Given information
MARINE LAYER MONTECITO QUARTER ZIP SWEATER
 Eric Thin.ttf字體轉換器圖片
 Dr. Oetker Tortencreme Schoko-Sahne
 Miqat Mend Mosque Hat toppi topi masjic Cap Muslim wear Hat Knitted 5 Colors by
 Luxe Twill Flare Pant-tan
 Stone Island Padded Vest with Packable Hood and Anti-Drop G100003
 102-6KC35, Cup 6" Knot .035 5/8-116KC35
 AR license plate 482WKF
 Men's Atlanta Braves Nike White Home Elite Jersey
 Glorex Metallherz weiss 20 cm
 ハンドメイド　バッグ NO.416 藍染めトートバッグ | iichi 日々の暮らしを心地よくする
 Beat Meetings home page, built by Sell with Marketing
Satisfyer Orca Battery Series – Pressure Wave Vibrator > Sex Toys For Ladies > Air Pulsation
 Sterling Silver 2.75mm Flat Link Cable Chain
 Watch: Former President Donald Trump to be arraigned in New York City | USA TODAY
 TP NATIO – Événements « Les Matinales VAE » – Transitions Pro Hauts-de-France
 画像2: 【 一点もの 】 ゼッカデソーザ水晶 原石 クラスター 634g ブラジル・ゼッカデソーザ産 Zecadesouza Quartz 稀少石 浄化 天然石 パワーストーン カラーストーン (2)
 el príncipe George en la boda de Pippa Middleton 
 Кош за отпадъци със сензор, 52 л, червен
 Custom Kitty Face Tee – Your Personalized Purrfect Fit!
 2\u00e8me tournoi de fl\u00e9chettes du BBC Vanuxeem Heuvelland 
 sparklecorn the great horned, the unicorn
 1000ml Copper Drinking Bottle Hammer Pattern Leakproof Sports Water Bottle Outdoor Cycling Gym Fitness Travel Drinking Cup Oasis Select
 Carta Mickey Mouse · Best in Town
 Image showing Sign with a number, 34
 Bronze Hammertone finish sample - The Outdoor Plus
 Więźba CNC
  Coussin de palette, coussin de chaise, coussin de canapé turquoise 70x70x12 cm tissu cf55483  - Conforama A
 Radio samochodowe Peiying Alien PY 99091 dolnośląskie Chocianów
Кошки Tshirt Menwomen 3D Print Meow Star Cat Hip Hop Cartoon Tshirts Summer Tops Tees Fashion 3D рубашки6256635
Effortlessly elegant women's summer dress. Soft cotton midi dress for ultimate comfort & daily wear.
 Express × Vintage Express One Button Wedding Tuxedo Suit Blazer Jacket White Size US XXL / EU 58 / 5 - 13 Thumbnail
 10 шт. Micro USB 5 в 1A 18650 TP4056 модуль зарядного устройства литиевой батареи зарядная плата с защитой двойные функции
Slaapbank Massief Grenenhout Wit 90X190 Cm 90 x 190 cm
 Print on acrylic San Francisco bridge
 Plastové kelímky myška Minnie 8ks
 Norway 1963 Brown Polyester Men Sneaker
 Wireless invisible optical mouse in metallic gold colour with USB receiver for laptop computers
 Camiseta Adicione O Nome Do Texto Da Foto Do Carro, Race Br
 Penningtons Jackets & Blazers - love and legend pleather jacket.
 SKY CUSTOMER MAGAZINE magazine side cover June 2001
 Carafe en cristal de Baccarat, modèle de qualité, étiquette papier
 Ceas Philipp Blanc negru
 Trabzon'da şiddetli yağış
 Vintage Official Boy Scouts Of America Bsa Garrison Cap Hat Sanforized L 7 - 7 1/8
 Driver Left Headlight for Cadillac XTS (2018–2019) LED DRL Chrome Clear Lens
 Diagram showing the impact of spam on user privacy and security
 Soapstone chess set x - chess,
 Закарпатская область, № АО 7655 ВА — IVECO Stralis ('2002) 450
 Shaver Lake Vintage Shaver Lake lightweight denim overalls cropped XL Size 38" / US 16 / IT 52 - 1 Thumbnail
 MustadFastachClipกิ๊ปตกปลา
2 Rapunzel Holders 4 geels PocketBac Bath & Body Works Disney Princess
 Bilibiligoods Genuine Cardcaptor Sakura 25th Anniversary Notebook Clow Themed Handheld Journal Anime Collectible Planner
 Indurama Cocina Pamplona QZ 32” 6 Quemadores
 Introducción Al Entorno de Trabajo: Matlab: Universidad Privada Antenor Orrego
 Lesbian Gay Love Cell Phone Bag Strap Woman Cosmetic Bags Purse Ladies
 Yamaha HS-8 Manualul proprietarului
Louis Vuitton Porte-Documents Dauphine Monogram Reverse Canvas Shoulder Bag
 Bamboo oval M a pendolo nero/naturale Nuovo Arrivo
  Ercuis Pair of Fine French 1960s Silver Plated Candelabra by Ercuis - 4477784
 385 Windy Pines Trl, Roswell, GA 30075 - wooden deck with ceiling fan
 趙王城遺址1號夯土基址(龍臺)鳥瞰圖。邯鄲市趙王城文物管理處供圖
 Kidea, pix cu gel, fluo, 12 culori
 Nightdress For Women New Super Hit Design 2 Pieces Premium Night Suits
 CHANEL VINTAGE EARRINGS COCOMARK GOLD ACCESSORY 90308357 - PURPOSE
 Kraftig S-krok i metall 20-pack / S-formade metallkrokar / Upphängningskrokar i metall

Instructions to follow
Look above and return each line of the records exactly, from the very first through the line with "Stone Island Padded", both included.

Written answer
MARINE LAYER MONTECITO QUARTER ZIP SWEATER
 Eric Thin.ttf字體轉換器圖片
 Dr. Oetker Tortencreme Schoko-Sahne
 Miqat Mend Mosque Hat toppi topi masjic Cap Muslim wear Hat Knitted 5 Colors by
 Luxe Twill Flare Pant-tan
 Stone Island Padded Vest with Packable Hood and Anti-Drop G100003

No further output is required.